İYİ Parti Genel Başkanı Meral Akşener, Cumhurbaşkanı Erdoğan'a seslenerek, "Enflasyonun düşmesi ve yeniden ekonomiye güvenmemiz için bizden beklenen ne? Nebati Bakan’ın gözlerine bakmamız" ifadelerini kullandı.

Akşener'in konuşmasından öne çıkanlar şöyle:

Her hafta, çocuklarımız ölüyor. Her hafta, gençlerimiz ölüyor. Her hafta, kadınlarımız ölüyor. Ölümlerin ardından tweetler atmak yetmiyor. Kaybettiğimiz her gencin ardından, üzüntü beyanlarında bulunmak yetmiyor. Katledilen her kadının ardından, ağıt yakmak yetmiyor. Gel, iktidar ve muhalefet el ele verelim bu ülkenin lügatından kadın ölümlerini genç ölümlerini silelim.

MÜSİAD Başkanı bile canlı yayında Merkez Bankası faizlerindeki düşüşün iş dünyasına yansımadığını söyledi.
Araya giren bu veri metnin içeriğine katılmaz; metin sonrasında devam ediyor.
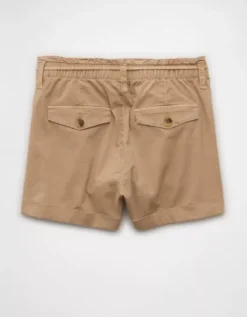 AE Stretch High-Waisted Lightweight Trouser Short Khaki -American Eagle Fashion 2546 8281 212 b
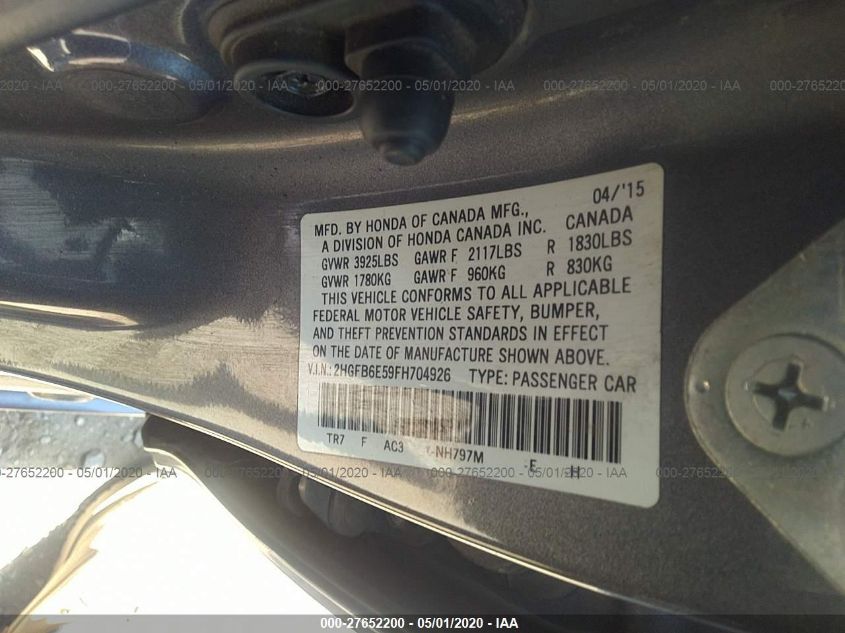 2015 HONDA CIVIC SI - 2HGFB6E59FH704926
Peki hal böyleyken enflasyonun düşmesi ve yeniden ekonomiye güvenmemiz için bizden beklenen ne? Nebati Bakan’ın gözlerine bakmamız. Peki bakınca ne görüyoruz? Ekonomiyi giderek içinden çıkılmaz bir noktaya getirirken 'siz en fazla maaşınızı kaybedersiniz' diyerek, adeta ruhani selefi 'Damat Bakan’a selam çakan
empati yoksunu birini görüyoruz. Komplo teorileriyle saçmalayan, bir atanmış özgüveni bırakın ekonomiyi, matematik bile bilmeyen bir büyük cehalet görüyoruz.

Henüz 16 yaşında asgari ücretin ne kadar açıklanacağını merak eden gençlerimizi dinledim. Gençlerimizi bu hâle getiren bu ucube düzenden daha da utandım.

Sayın Erdoğan, değerlerini hiçe sayıp fikirlerini dinlemediğin, günde 20 liraya mahkum edip, üstüne bir de 'Elinize dilinize dursun' dediğin gençlerimizin 3’te 1’inin yoksul olduğunu biliyor musun?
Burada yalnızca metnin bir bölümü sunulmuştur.